On the core unit of our PGCert in Learning and Teaching in Higher Education at MMU we have been thinking about the pedagogical theories that we use with out students with the aim of getting broader representation. With this in mind, I have been reading a paper by Dr Paora Stucki (A Māori Pedagogy: Weaving The Strands Together) which is a combination of literature review with first hand interviews of some Māori teachers. The paper considers pedagogy along 5 strands as “fundamentally grounded within its parent culture”, a result of the ever changing socio-political and cultural context (strand 1). He explains this using the metaphor the forest of Tane (the Māori god of forests and birds) where “learning theories (strand 2) are the ground of the forest and the other four aspects of pedagogy are trees within it.”, these four aspects being: teaching and learning methods (strand 3); curriculum content (strand 4); teacher behaviours and characteristics (strand 5); and the context and organisation of teaching (strand 6).
Strand 1: socio-political and cultural context
Stucki identifies well developed characteristics of Māori society and culture as of importance in what and how things should be taught. This includes concepts such as truth (pono), power (mana) love and compassion (aroha) and inherited constraints (tapu) and means by which constraints can be released. Tribal history and artifacts are also important, as are extended family bonds and lineages (whānau and whakapapa), and land (whenau). This rich tapestry of concepts come together to form a way of thinking about the world that is “continuous, dynamic and evolving (Roberts & Wills, 1998)”, including the impact of colonisation with institutions that seek to redress the negative outcomes through promoting agency to overcome barriers having a significant impact on pedagogy.

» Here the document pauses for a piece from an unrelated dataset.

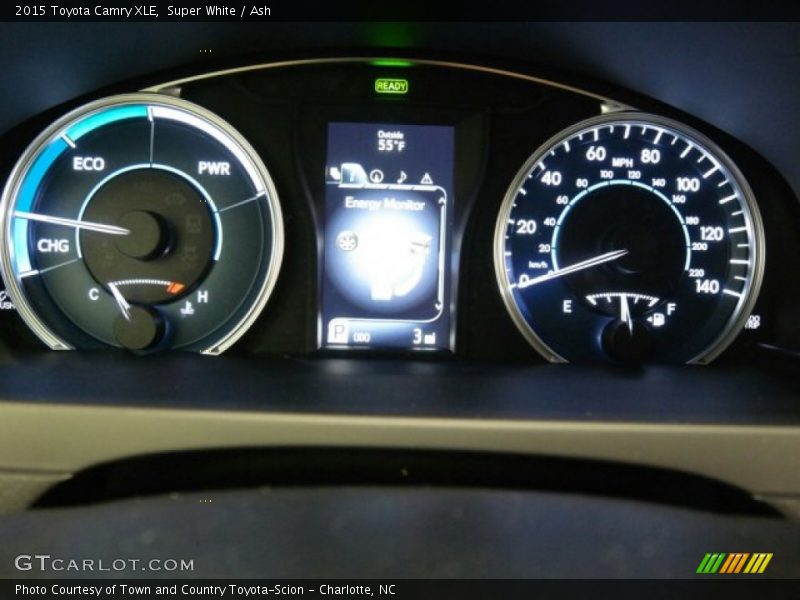 Super White / Ash 2015 Toyota Camry XLE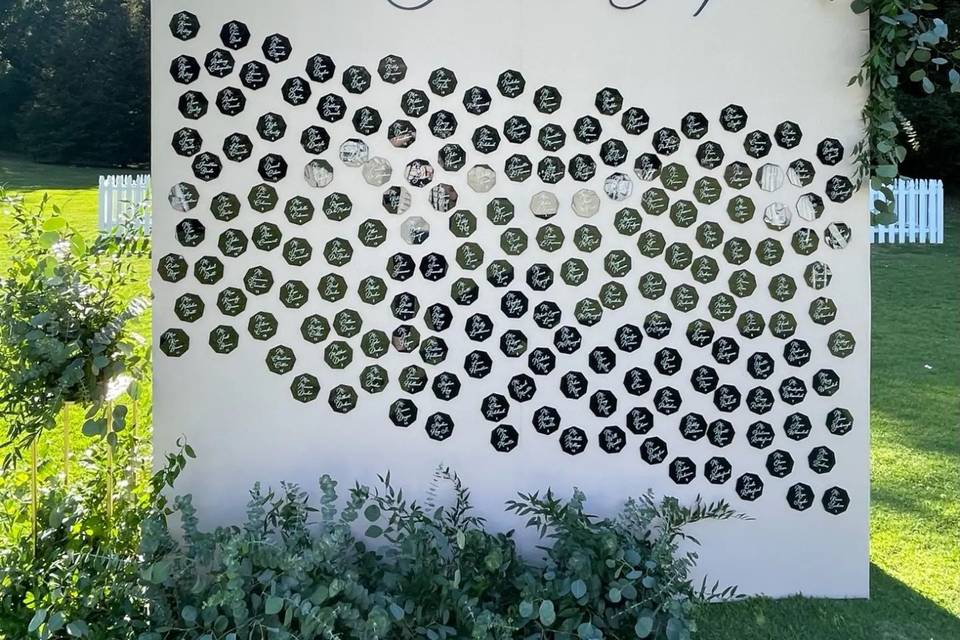Octagon Escort Wall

A final interesting point made is that “The truthfulness of a statement is ascertained using the criteria of reasonableness, precedent, experience (Roberts & Wills 1998)”.

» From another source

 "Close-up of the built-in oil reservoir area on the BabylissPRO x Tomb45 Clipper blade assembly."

Strand 2: learning theories
Not surprisingly, this strand identifies the importance of caring relationships between teachers and learners. Clear connections can be seen between this approach and one of Relational Pedagogy that “takes seriously questions of trust, recognition and respect which lie at the heart of the student’s experience” (Murphy and Brown, 2012, p 633). However, Stucki takes this further making the assertion that this goes beyond teaching and is related to the fundamentals of who we are “socially, politically, spiritually and culturally”.

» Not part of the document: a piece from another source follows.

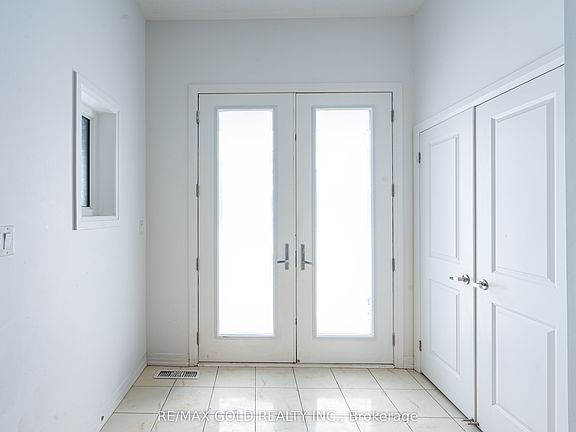 2nd image of 18 Haydrop Rd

Strand 3: teaching and learning methods
Building on the point above, methods that take account f the importance of relationships: teachers-learners and learner-learner are central to teaching designs based on the metaphor of family (whanau). This implies mixed age and ability classes, collaboration & cooperation, active hands-on learning, and co-constructing as the basis of lessons, and above all a learner centred, personalised approach. Similar pointers are often drawn from Community of Practice (Lave and Wenger 1999) learning theory when applied to formal learning settings where at times everyone is at times a teacher and everyone learns. There are parallels her with Vygotsky’s Social Constructivism and his key concepts of the more knowledgeable other (MKO) and the Zone of Proximal Development (ZPD). However, an additional layer is the spiritual where wider aspects of well-being need to be considered. In addition, concepts of reflection feature heavily as they do I many teaching and learning contexts.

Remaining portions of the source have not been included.